Reproduce the listing below in full and exactly; no pictures belong in the copy.

**INFORMATION PROVIDED**
+--
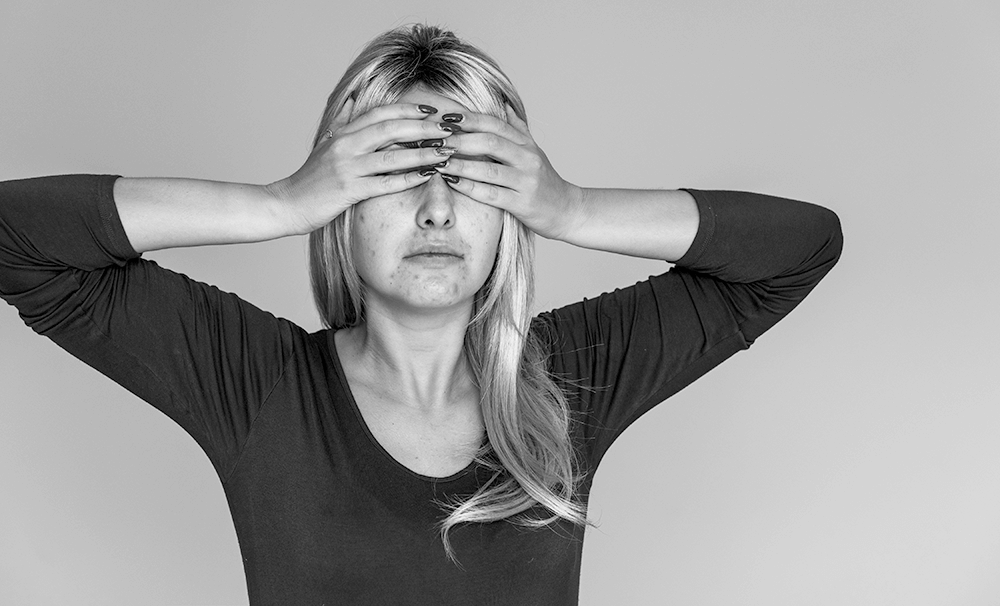 5 tips till dig med Akne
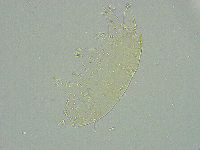 Pseudechiniscus ramazzottii image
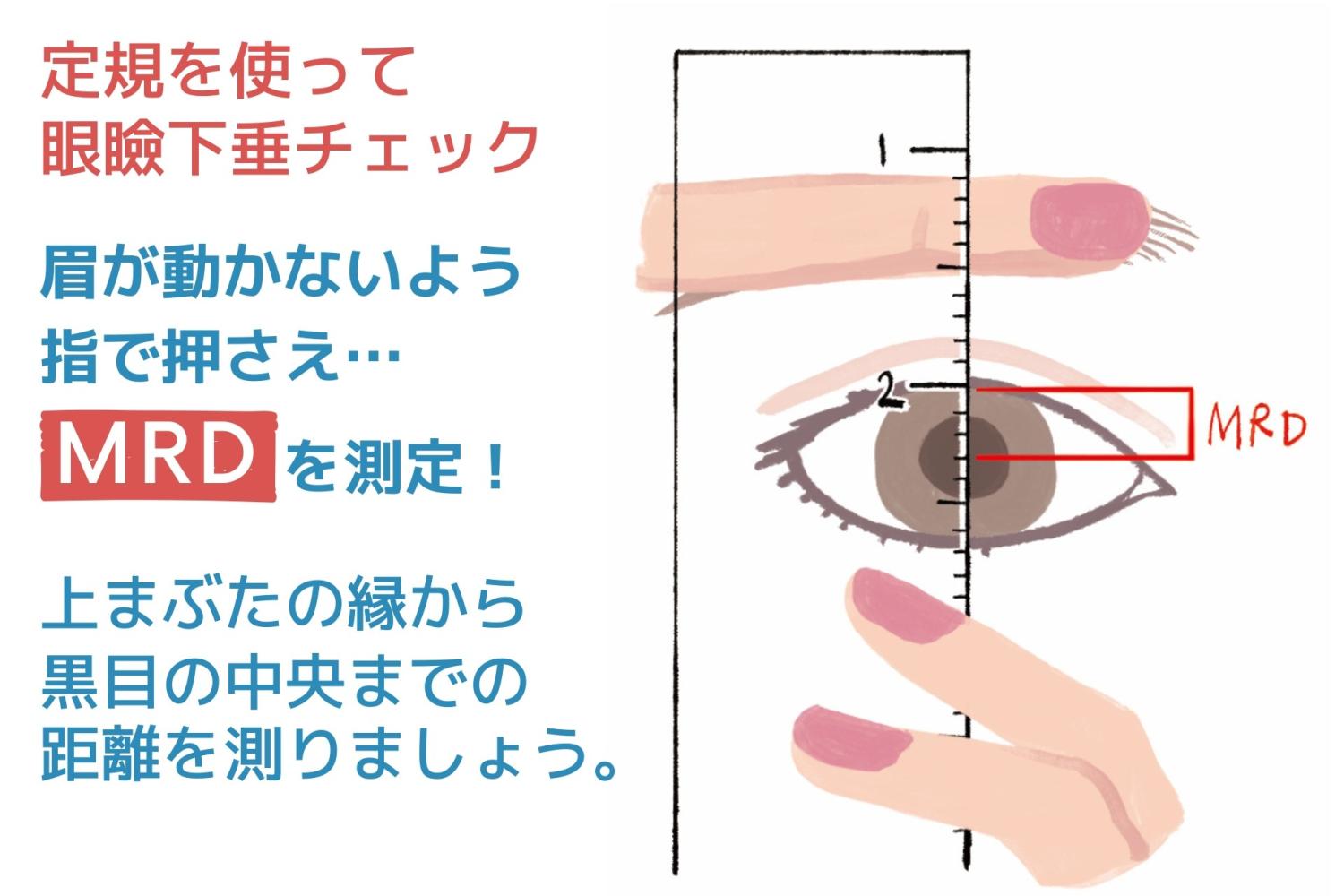 40代、50代・どうする？眼瞼下垂 】急増中の眼瞼下垂（がんけんかすい 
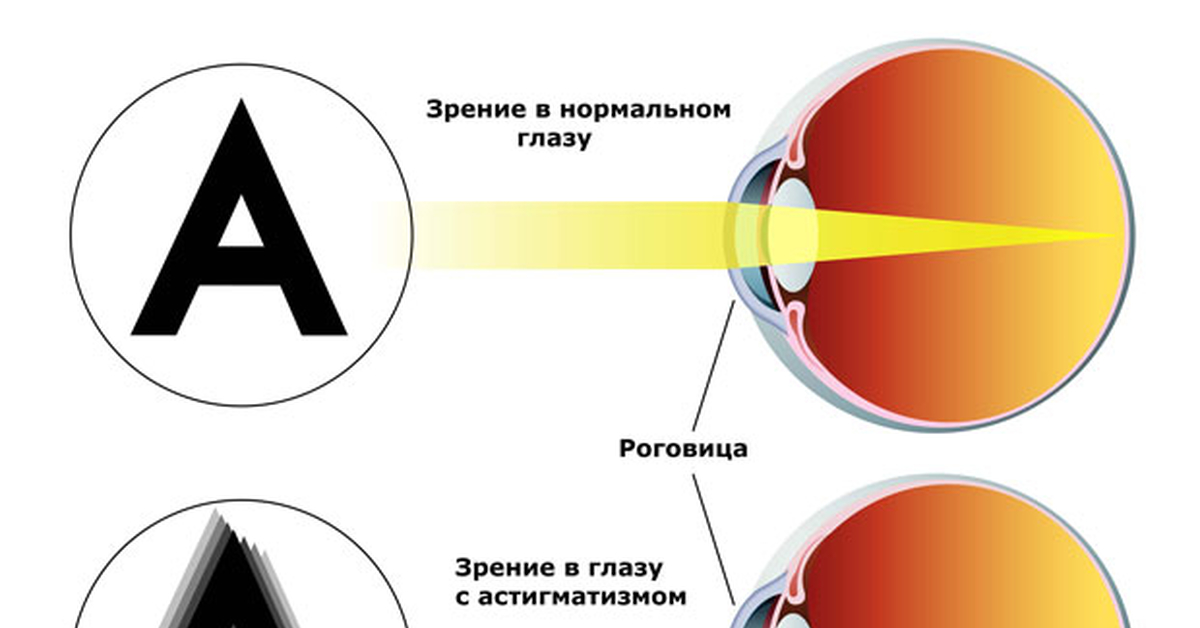 Астигматизм Лечение У Взрослых Лазером Цена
+--
**ANSWER SECTION**
 5 tips till dig med Akne
 Pseudechiniscus ramazzottii image
 40代、50代・どうする？眼瞼下垂 】急増中の眼瞼下垂（がんけんかすい 
 Астигматизм Лечение У Взрослых Лазером Цена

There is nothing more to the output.